(Given data)

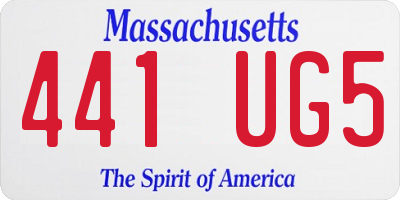MA license plate 441UG5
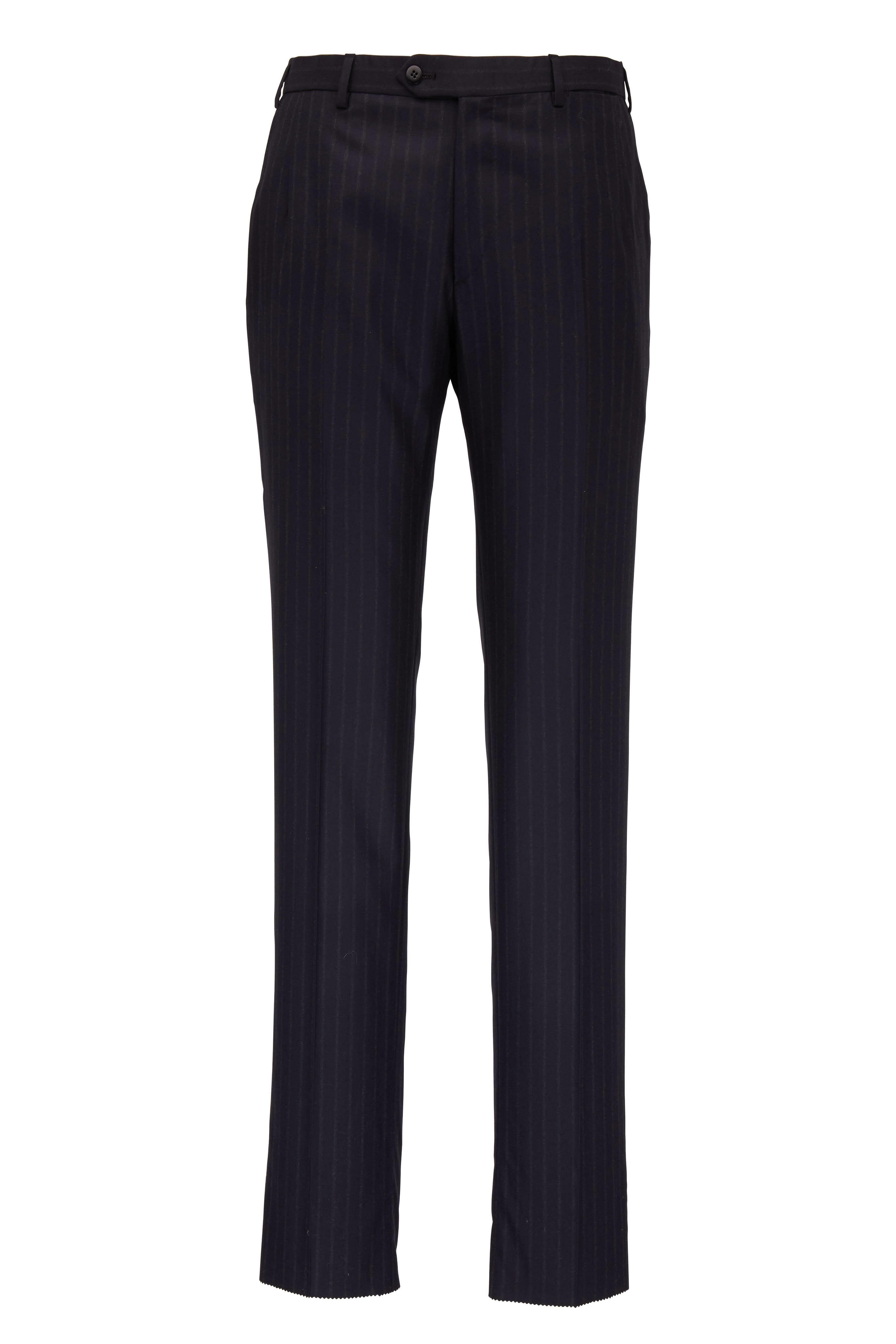 Brioni - Navy Blue Brushed Wool Chalk Stripe Suit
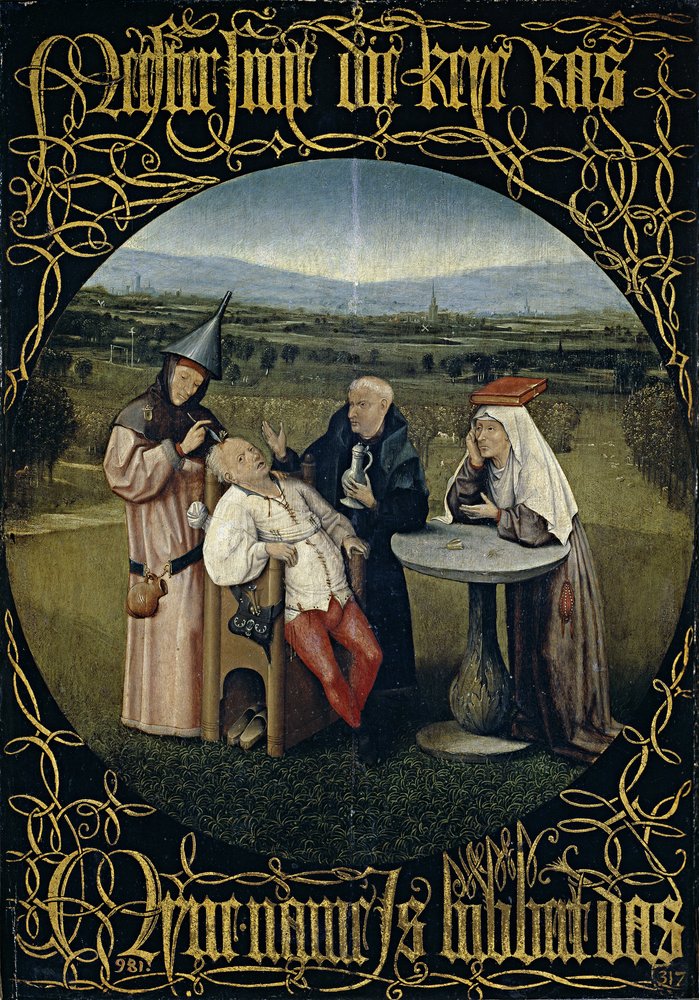 Helbredelsen af dårskab - udtrækning af galskabens sten, mellem 1488 og 1516 af Hieronymus Bosch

(End Given data)

Repeat the lines from the line containing "Brioni - Navy" through the end of the material above exactly, with no pictures and nothing else.

 Brioni - Navy Blue Brushed Wool Chalk Stripe Suit
 Helbredelsen af dårskab - udtrækning af galskabens sten, mellem 1488 og 1516 af Hieronymus Bosch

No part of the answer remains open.